Outro dia um amigo meu disse que estava procurando apartamento em Vitória. Quer se mudar, e ele disse algo do tipo “vou ver mais apês semana que vem e depois eu escolho”. Que coisa linda, calma, tranquila. Tem a ver com o sonho de uma pessoa, essa coisa de mudar, encontrar um lar pra chamar de seu. Isso, em qualquer parte do mundo, menos na cidade pré-Copa, pré-Olimpíadas e pacificada. Nessa cidade, alugar um apartamento tem mais a ver com bússolas, pederneiras, maquiagem em azul e o momento certo de gritar FREEEEEEEEEDDOMMMMMMMM quando alguém te passa a perna.

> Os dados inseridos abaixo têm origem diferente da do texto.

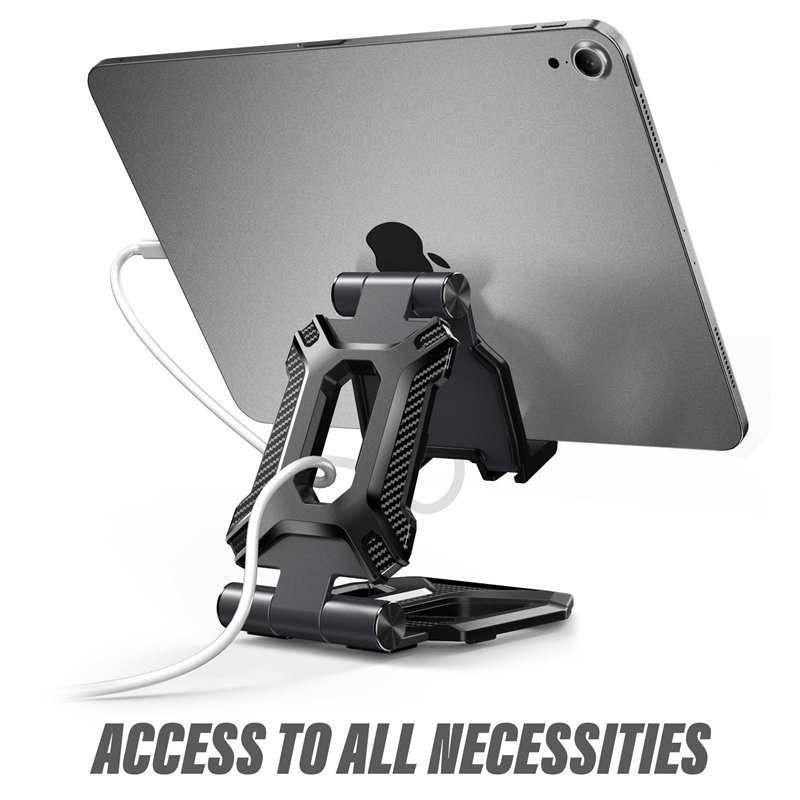 Compatible con Apple, SUPCASE Soporte para teléfono móvil iPad Tablet Soporte para computadora Lazy Live Desktop Fijo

Quando decidi me mudar pro Rio, a bem da verdade já estava
meio decidido, meu amasiado havia me perguntado se eu queria mesmo mudar e
arranjou um emprego aqui para eu não ter mais como adiar a decisão, então, resumindo,
quando ele passou na entrevista, eu fiquei responsável pela mudança. Vendi meu
carro, “passei “ a casa onde morava para uma amiga, empacotei minhas coisas com
muita ajuda dos amigos e guardei tudo em um quartinho e na garagem da minha
ex-casa. E vim pra cá, a princípio para ficar na casa de um amigo por algumas
semanas, no máximo estourando um mês, até fechar o apartamento. Foram quase
quatro meses. (Calma, não foi tudo na
casa do meu amigo não, continuamos amigos até hoje, inclusive).

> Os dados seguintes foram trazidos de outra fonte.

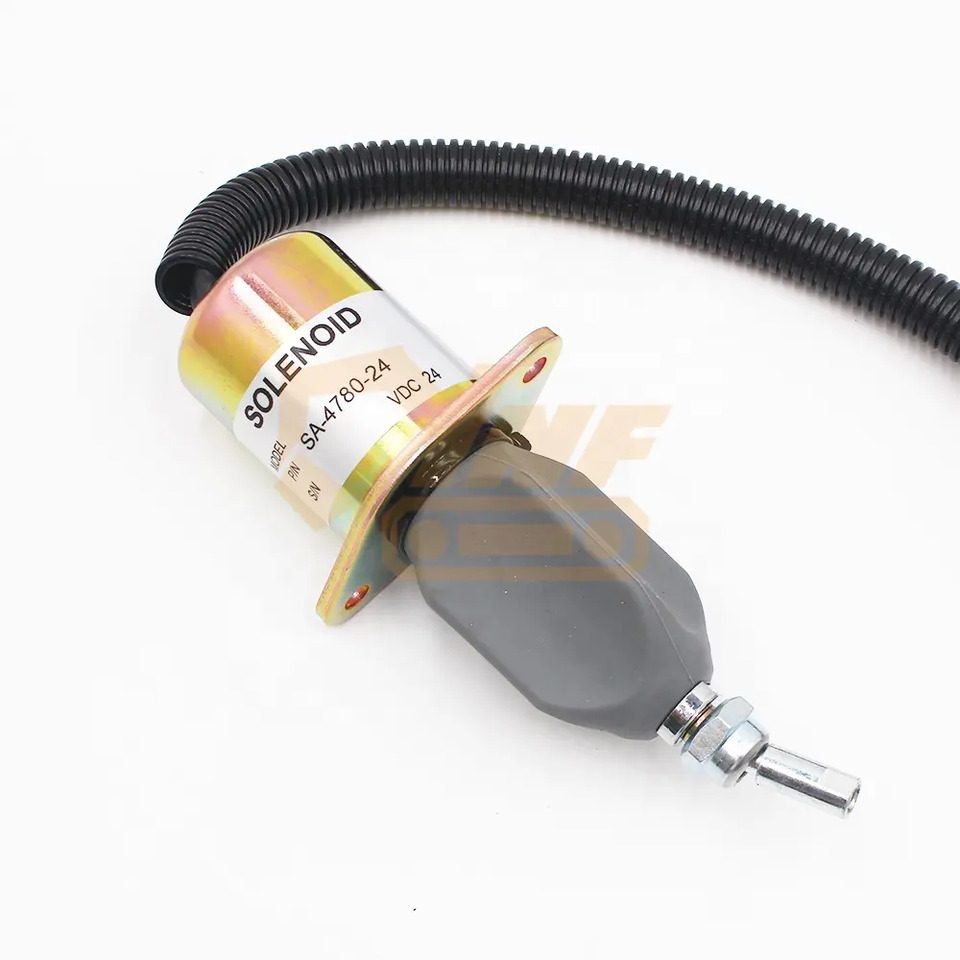 Engine Fuel Stop Solenoid 99453479 for New Holland EX215 excavator parts 24V flameout shut off solenoid valve - Električni sistem: slika 4 Engine Fuel Stop Solenoid 99453479 for New Holland EX215 excavator parts 24V flameout shut off solenoid valve - Električni sistem: slika 4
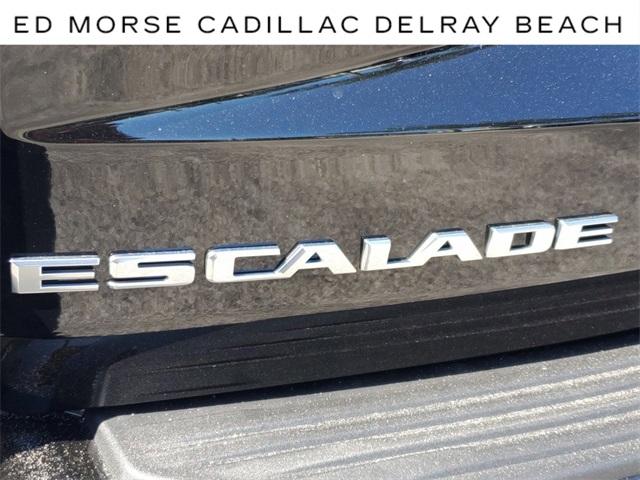 2024 Cadillac Escalade Vehicle Photo in DELRAY BEACH, FL 33483-3294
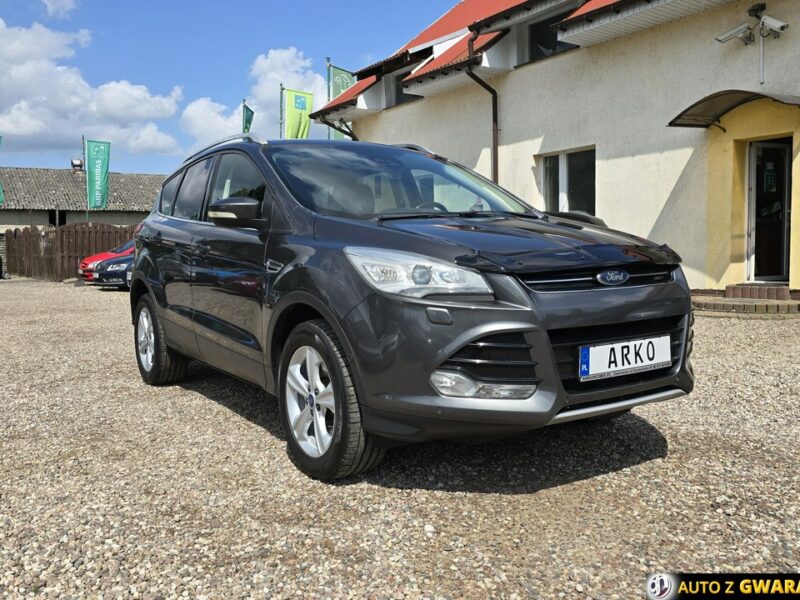 Ford Kuga Titanium, Panorama, 2x alu II (2012-)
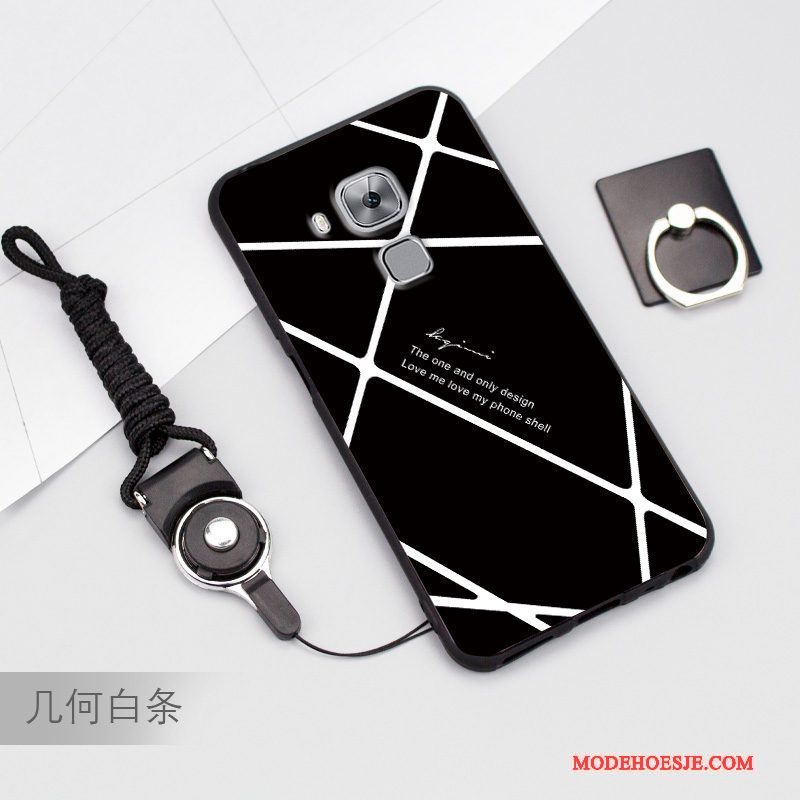 Hoesje Huawei G9 Plus Zacht Anti-falltelefoon, Hoes Huawei G9 Plus Siliconen Wit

Eu tinha um esquema de guerra: um caderninho só para isso,
ia anotando os endereços que me interessavam, os telefones, e fazia uma agenda repleta
de visitas o dia inteiro. Separava mais ou menos por bairros, para poder ver o
máximo possível de apartamentos no mínimo tempo. No primeiro dia fui de
sapatilha, com uma roupa arrumadinha, pra causar boa impressão. O rastro dos
quilômetros que andei ficaram impregnados nos meus pés por muito tempo, e no
dia seguinte saí de manhã de tênis de correr, roupas confortáveis, garrafa
d’água na mochila. E se você está pensando que eu ia fantasiada de “pessoa
procurando apê”, ia mesmo, e todo mundo também. (Depois de um tempo eu inclusive desenvolvi uma habilidade que é saber de longe quando o pobre coitado está nessa função, apenas pelas roupas, jornal rabiscado na mão e a cara que reúne um misto de desesperança e cansaço de quem está correndo uma maratona há um mês).

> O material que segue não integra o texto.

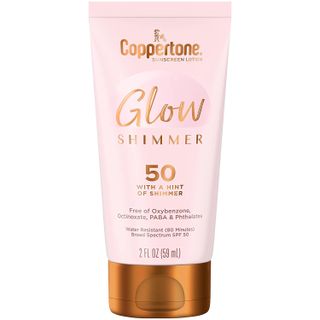 Coppertone + Glow Hydrating Sunscreen Lotion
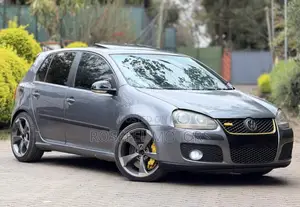 Volkswagen Golf GTI 2008 Gray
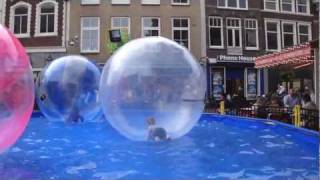 Walking Waterballs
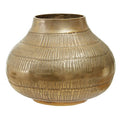 Deomali Large Gold Vase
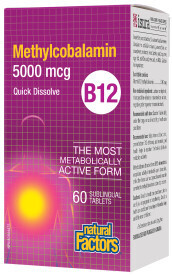B12 Methylcobalamin 5000Mcg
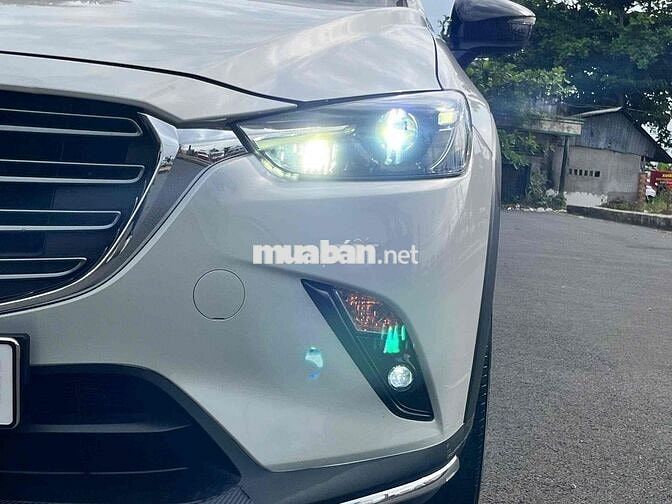 Mazda CX-3 2021 Luxury Trắng 43.000 Km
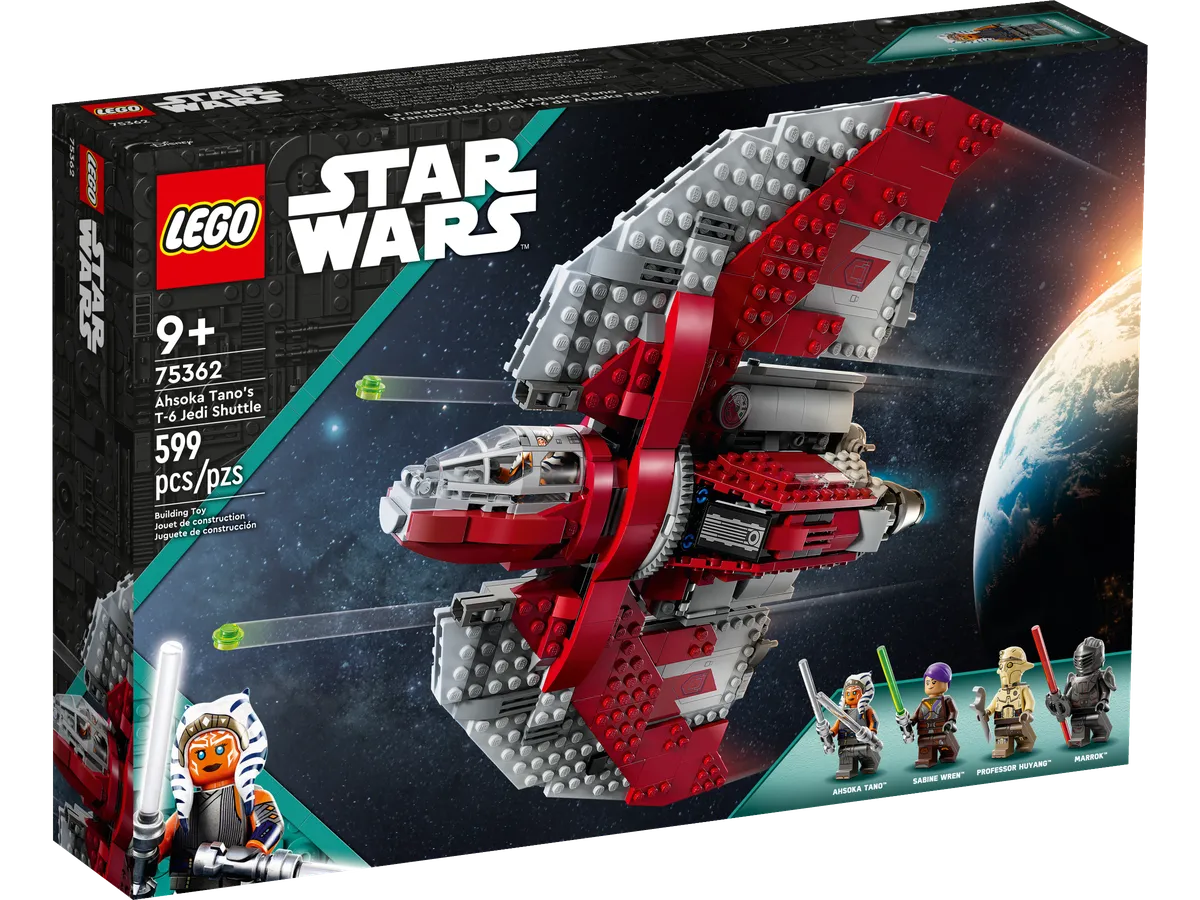 LEGO Ahsoka Tano's T-6 Jedi Shuttle (75362) - Bild 1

Normalmente os corretores abrem os apartamentos para visita
durante uma meia hora, mais ou menos. Ou individual, ou em grupo. Quando é em
grupo, é pior, definitivamente: se o apê é bom, já fica todo mundo olhando um
para a cara do outro e mostrando os dentes. Certa vez, eu estava em uma
situação dessas, num apê lindo, na Glória, e um senhor visitava comigo. Quando
aquele respeitoso senhor percebeu que eu havia gostado do apartamento também,
ele disse para o corretor “sabe, você não vai se arrepender se alugar para mim,
lá em casa somos apenas eu e minha esposa, um casal de velhinhos tranquilos”.
MAS QUE VELHO FDP!!! Que vontade de retrucar “pois lá em casa somos só eu e meu
namorado, e temos energia ainda para cuidar do apartamento, limpar a casa
direito, essas coisas...” VELHO
FDP! FDP! FDP! Mas tá. O velho ser tão fdp e eu pensar e agir desse jeito, é
por causa da dificuldade, pode acreditar.
Isso é quando a casa é boa, porque teve muita coisa ruim.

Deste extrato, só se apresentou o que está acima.